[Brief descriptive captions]
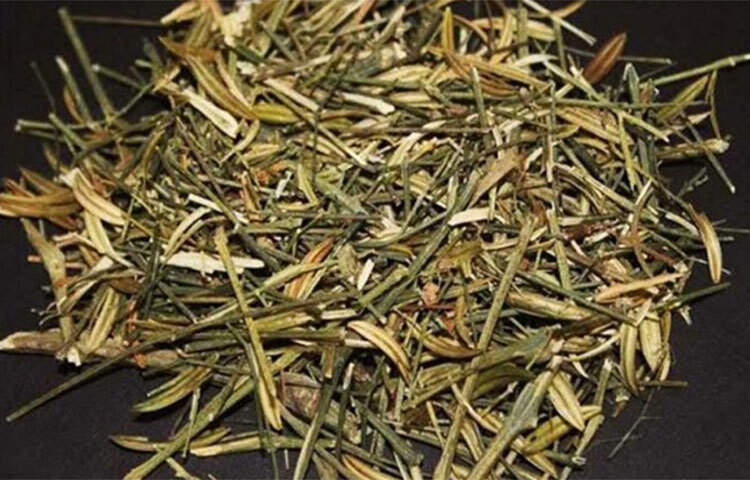 শরীরের রোগ-প্রতিরোধ ক্ষমতা বাড়িয়ে তোলে তিতা খাবার। নিয়মিত তিতা খাবার খেলে অসুখ হওয়ার প্রবণতা কম থাকে। চিরতা এরমধ্যে অন্যতম। চিরতা খেলে যেকোনো কাটা, ছেঁড়া, ক্ষতস্থান দ্রুত শুকায়। ছবি: সংগৃহীত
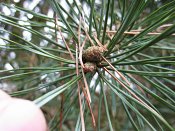 summer photograph Grove_den__Pinus_sylvestris__Scots_pineimg_2993.jpg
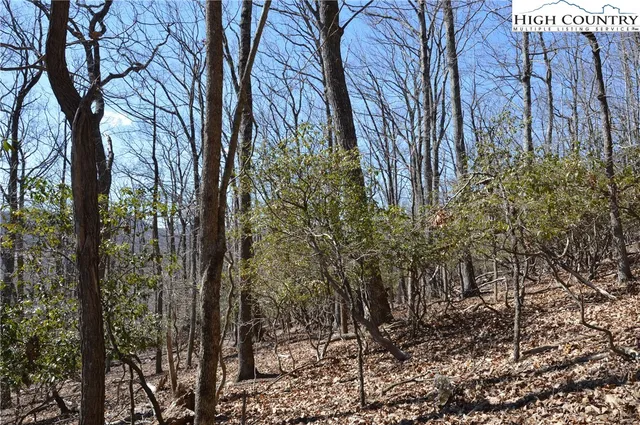 $45,000 | Coleman Drive, Sparta, NC 28675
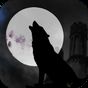 Ícone do apk Online Werewolf X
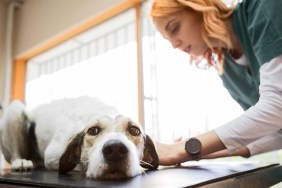 Veterinarian checking dog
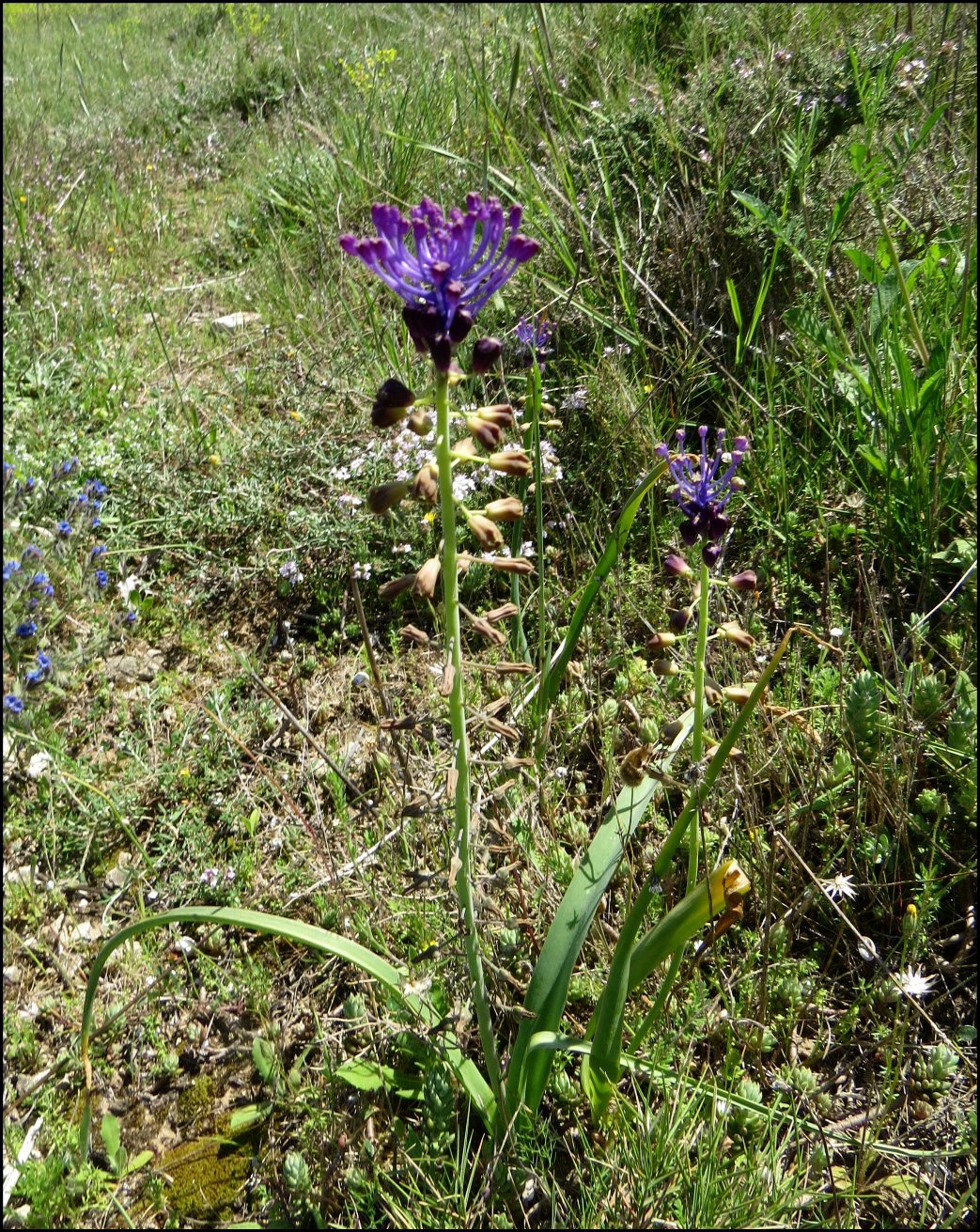 Muscari comosum 1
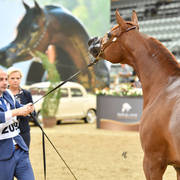 Mares 7 to 10: Basma Al Mohamadia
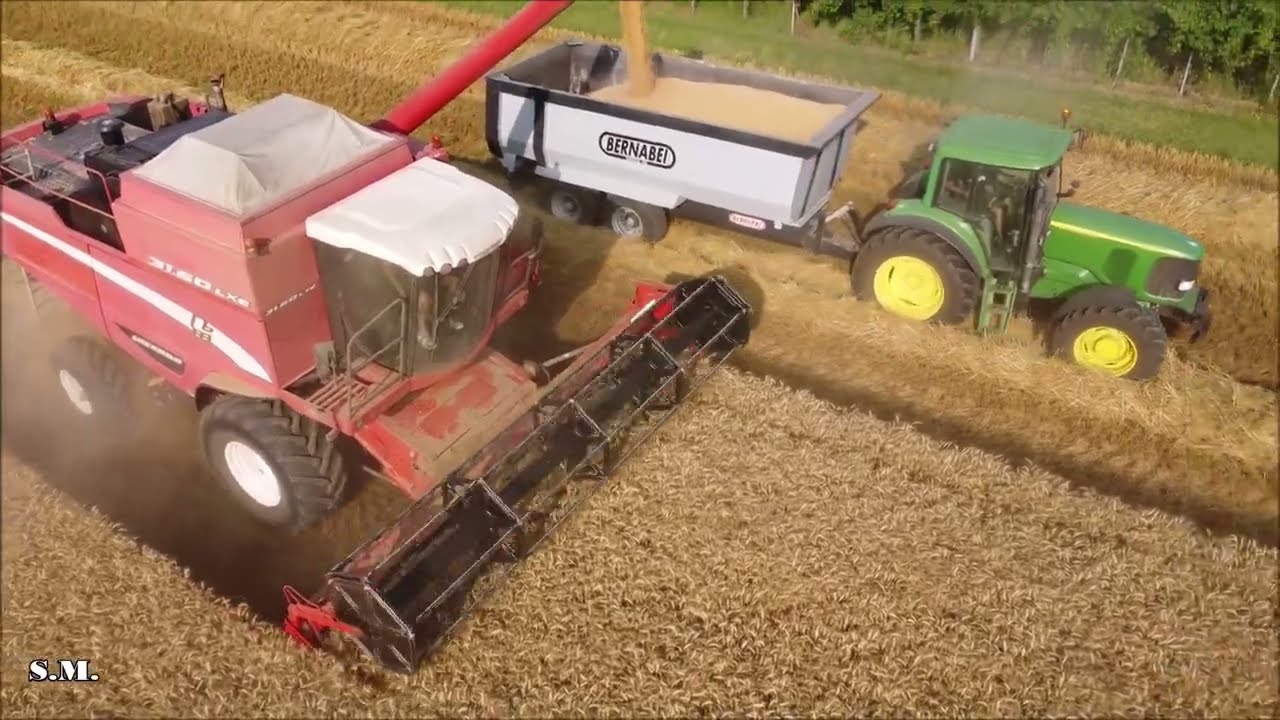 TREBBIATURA 2023 - GRANO TENERO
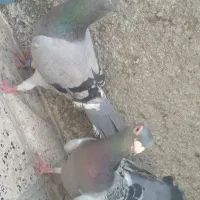 قره سبز سبزپولکی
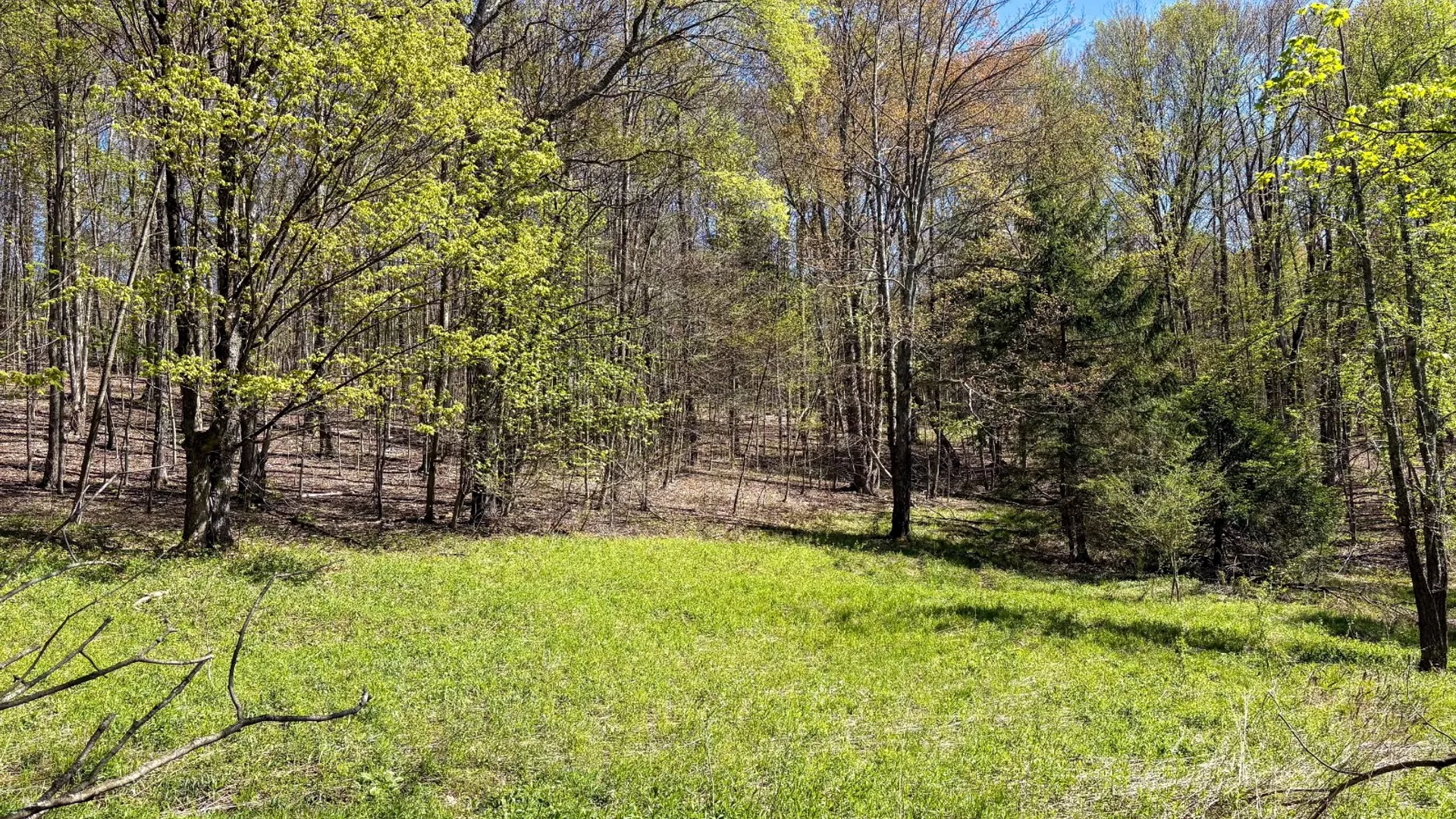 Property at 0 Hathaway Pond Rd, Hancock, NY 13783 24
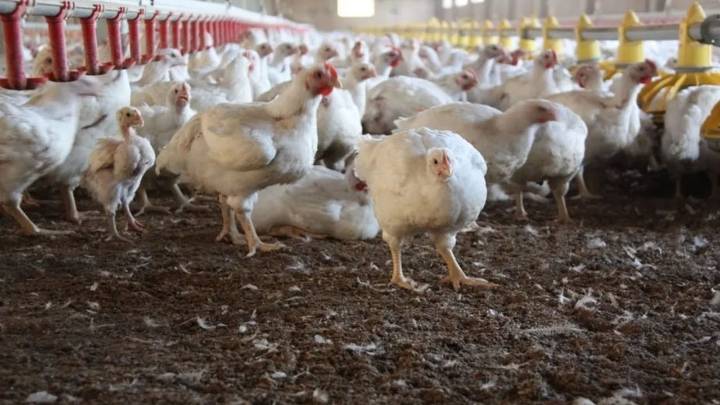 Argentina recupera el estatus de país libre de influenza aviar y vuelve a exportar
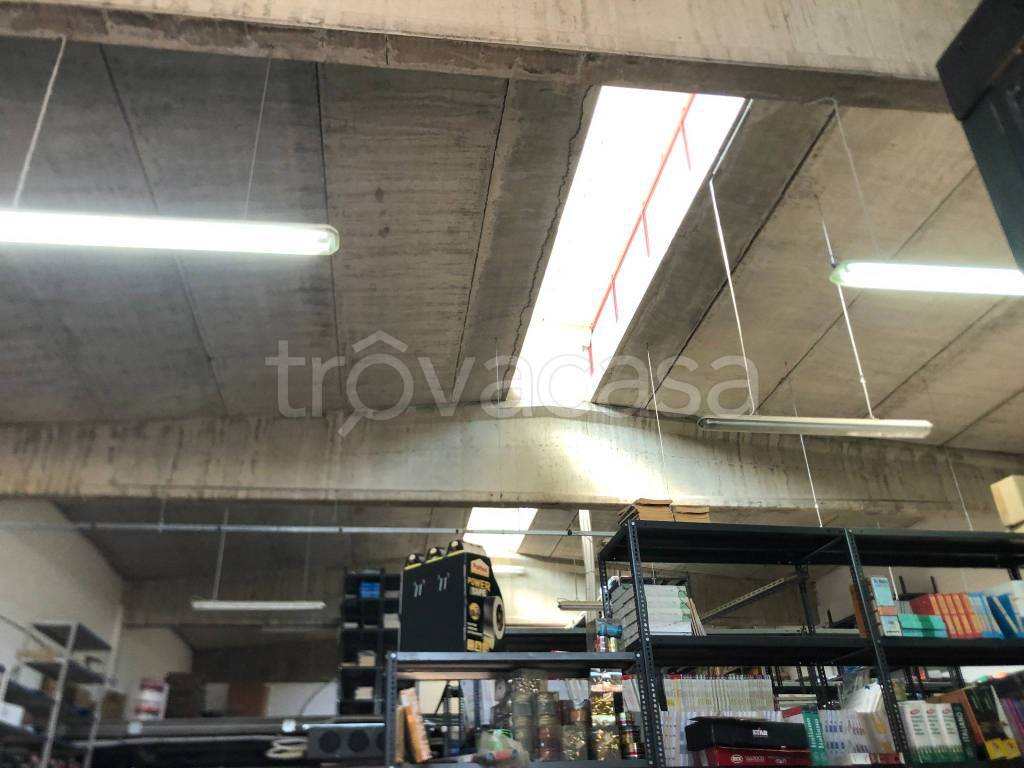 immagine annuncio 2 di 8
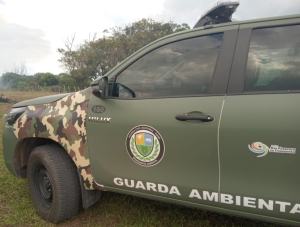 Guarda Ambiental resgata tamanduá-mirim em Sossego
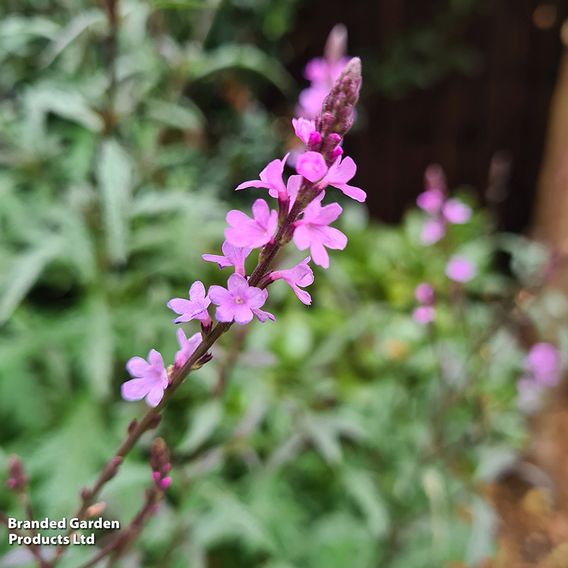 Verbena 'Lavender Lace'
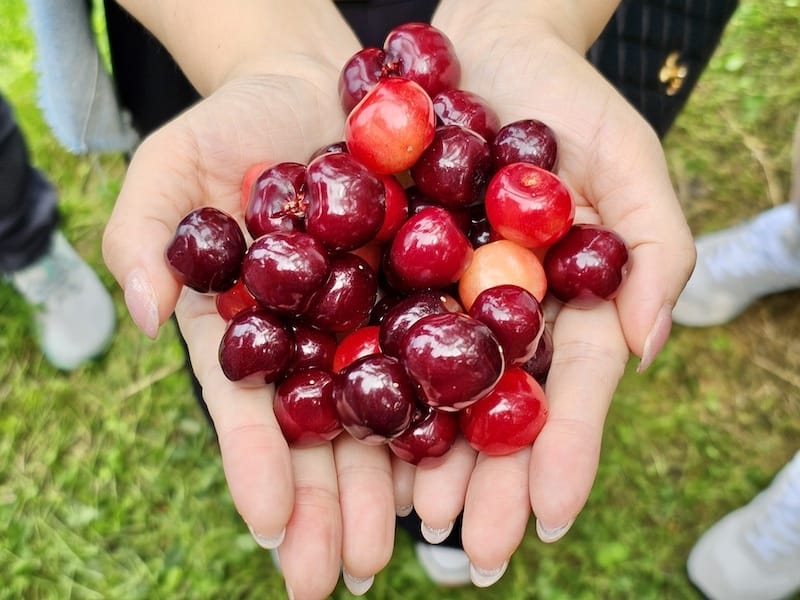 2024-06-07 星動秋田旅Day2-1 銀山溫泉+山形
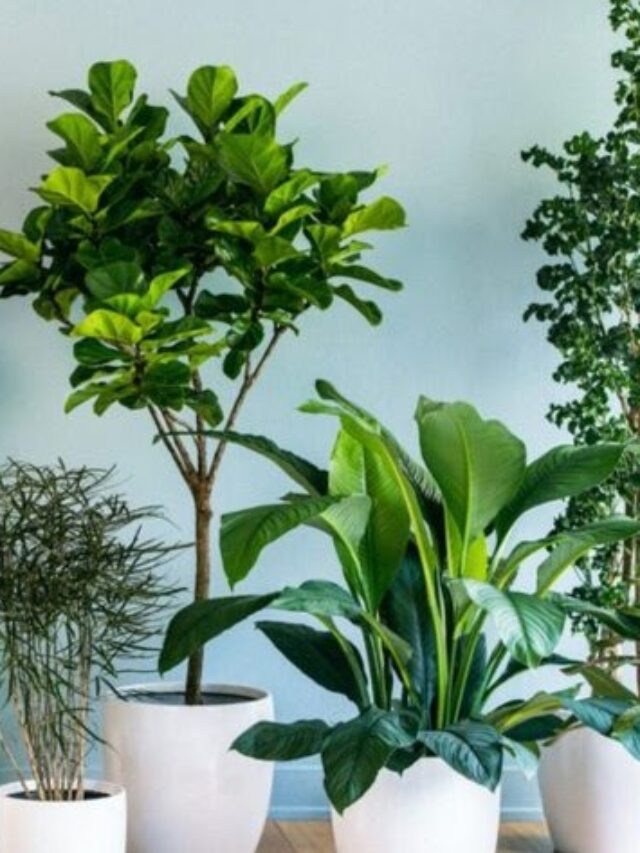 Indoor Plants That Cultivate Happiness And Positive Vibes At Home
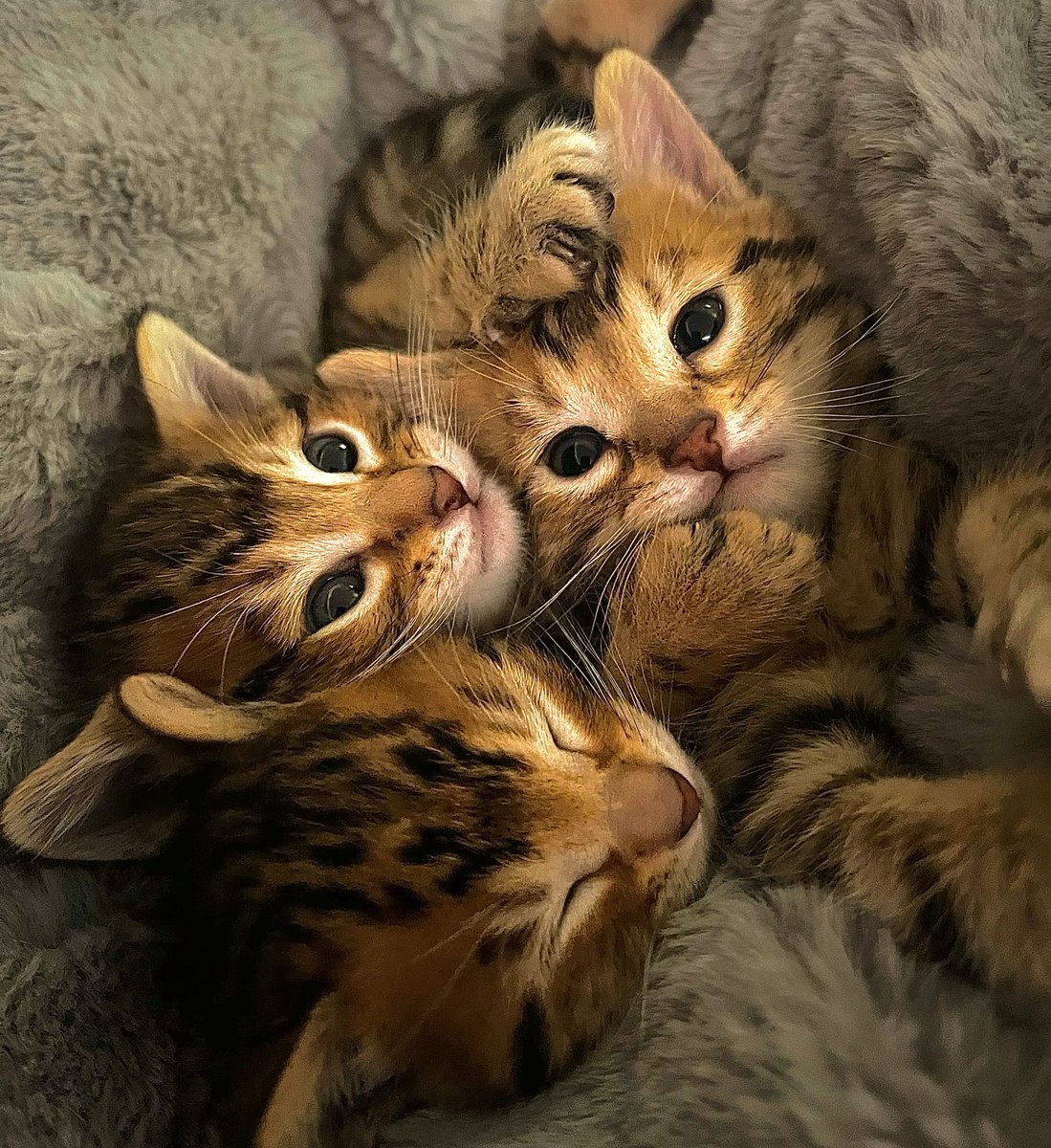 Tiny_Chaos's tweet photo. @MyHeartopia @heartopia One more because the babies had me OBSESSED #Heartopia https://t.co/YLNQdo2aJL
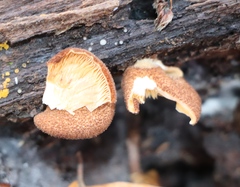 Crepidotus calolepis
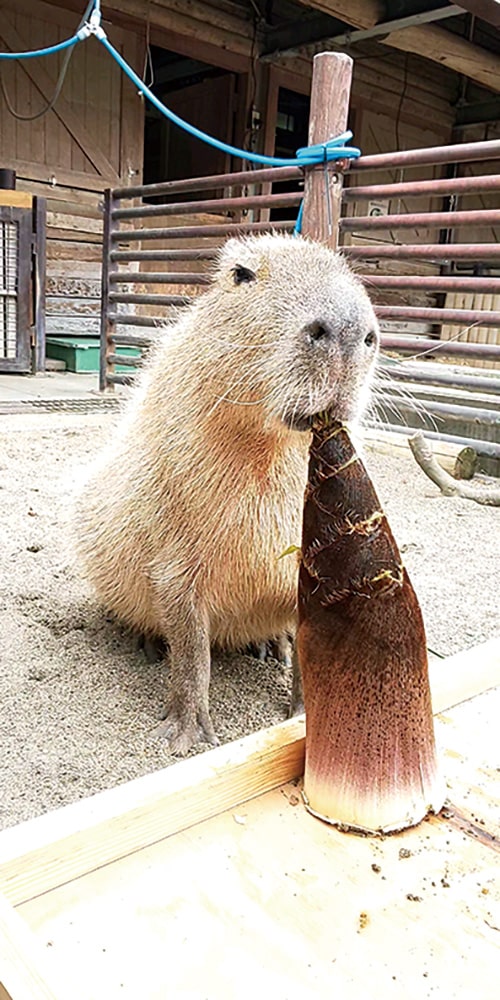 市川市動植物園にいるカピバラのイチョウ君にタケノコを与えたときの行動は次のうちどれか。の画像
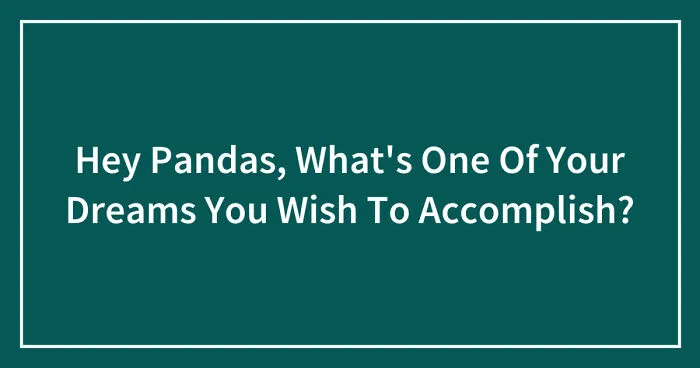 Hey Pandas, What's One Of Your Dreams You Wish To Accomplish? (Closed)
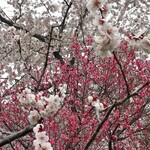 用戶對於SAMA 北海道神宮前店的評論圖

WORK TO COMPLETE:
Give every line above again exactly, omitting whatever pictures appear.

PROBLEM SOLUTION:
 শরীরের রোগ-প্রতিরোধ ক্ষমতা বাড়িয়ে তোলে তিতা খাবার। নিয়মিত তিতা খাবার খেলে অসুখ হওয়ার প্রবণতা কম থাকে। চিরতা এরমধ্যে অন্যতম। চিরতা খেলে যেকোনো কাটা, ছেঁড়া, ক্ষতস্থান দ্রুত শুকায়। ছবি: সংগৃহীত
 summer photograph Grove_den__Pinus_sylvestris__Scots_pineimg_2993.jpg
 $45,000 | Coleman Drive, Sparta, NC 28675
 Ícone do apk Online Werewolf X
 Veterinarian checking dog
 Muscari comosum 1
 Mares 7 to 10: Basma Al Mohamadia
 TREBBIATURA 2023 - GRANO TENERO
 قره سبز سبزپولکی
 Property at 0 Hathaway Pond Rd, Hancock, NY 13783 24
 Argentina recupera el estatus de país libre de influenza aviar y vuelve a exportar
 immagine annuncio 2 di 8
 Guarda Ambiental resgata tamanduá-mirim em Sossego
 Verbena 'Lavender Lace'
 2024-06-07 星動秋田旅Day2-1 銀山溫泉+山形
 Indoor Plants That Cultivate Happiness And Positive Vibes At Home
 Tiny_Chaos's tweet photo. @MyHeartopia @heartopia One more because the babies had me OBSESSED #Heartopia https://t.co/YLNQdo2aJL
 Crepidotus calolepis
 市川市動植物園にいるカピバラのイチョウ君にタケノコを与えたときの行動は次のうちどれか。の画像
 Hey Pandas, What's One Of Your Dreams You Wish To Accomplish? (Closed)
 用戶對於SAMA 北海道神宮前店的評論圖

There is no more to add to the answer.